The 5 Best Football Stories (With No Major Films About Them)

So, Euro 2016 kicks off today, and what better way to take advantage of celebrate than by an in-depth look at every team in the tournament? Yeah, we’re not doing that. I was going to do a blog looking at the movies from each country and try to work out which one would win if football tournaments were decided based on which country made the best movies (like they should be), but then realised that would require watching Russian cinema, and I already spent far too long with a knife to my wrists so watching “Life Is Awful And You’re Going To Get Killed By A Bear Whilst Drinking Vodka, Unless You’re Gay Then You’ll Just Be Killed By Police 2: The Sequel” won’t help. So I decided to showcase the hidden side of sport, the side I find fascinating, the stories told within. People love a good sports movie (maybe not as much as they did in the 90’s but still), even more so if they’re based on a true story. So here’s my favourite football stories which are yet to be (major) films.

1. Leicester 2016


Let’s start with the obvious. Hands up everybody who saw this coming. Liars! Sit down. Leicester barely escaped relegation last year so the odds of them not being relegated, let alone winning were astronomical. This isn’t hyperbole, the odds of it happening were 5000-1. With a squad which cost less to put together than some teams spent on one player, those odds were well placed. To put those odds in perspective: it was more likely that Q-Unit herself, Queen Elizabeth II would not only release a song, but also get to Christmas Number 1, five times more likely in fact. And it was over two times more likely that Kim Kardashian would be president.

Still better than Trump.

So what else is 5000-1? William Hill have Nick Grimshaw winning olympic gold at Rio this year at the same odds.

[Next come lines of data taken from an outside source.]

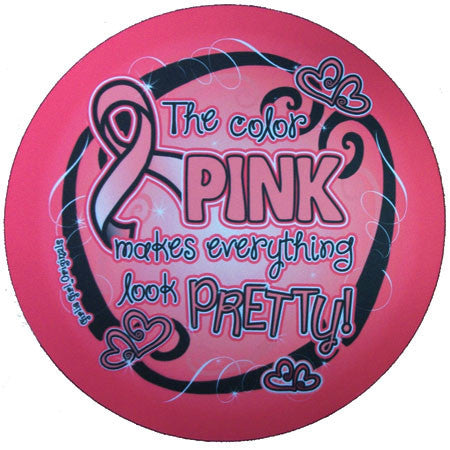The Color Pink Mouse Pad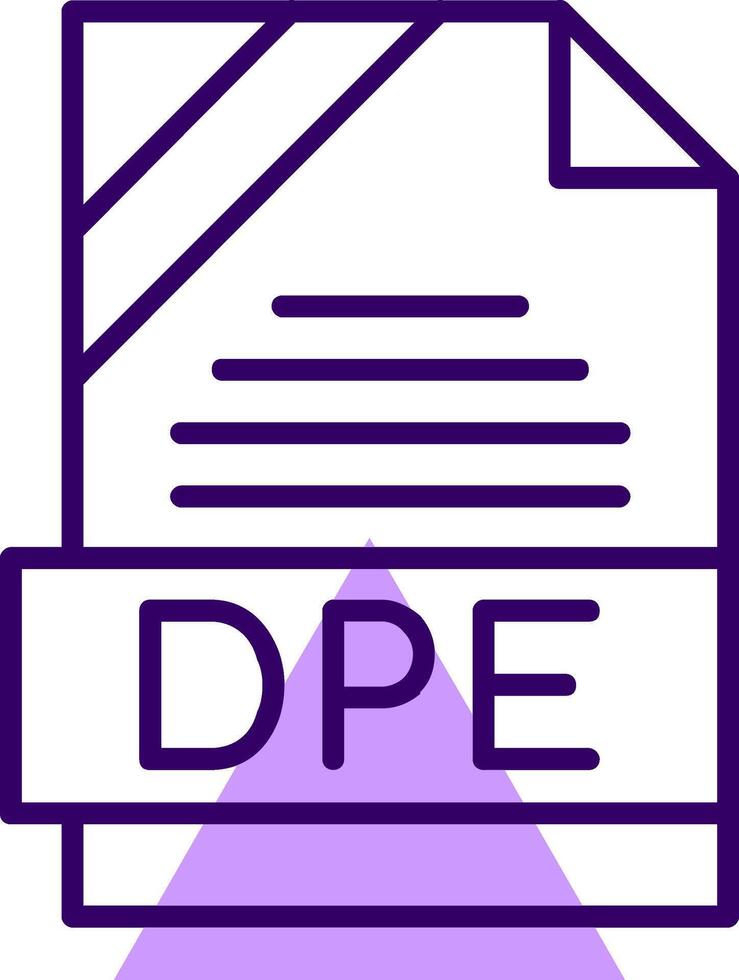 DPE Outline Style Icon vector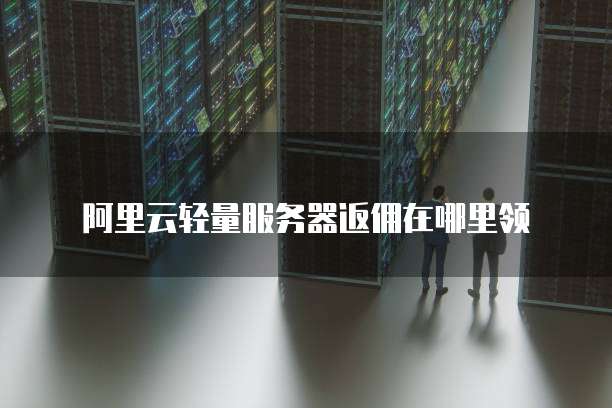 阿里云轻量服务器返佣在哪里领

Think how preposterous that idea is, that someone with no sports training at all would win gold, THAT’S the level of surprise we’re dealing with.

2) Football War.

“Football” and “war” are two words which are normally only associated together in the following circumstances:

  1. When the English national team plays Germany.
  2. When the English national team plays Argentina.
  3. When the English national team plays France.
  4. When the English national team plays Scotland.
  5. When the English national team plays anybody we’ve invaded (which is all but 22 countries)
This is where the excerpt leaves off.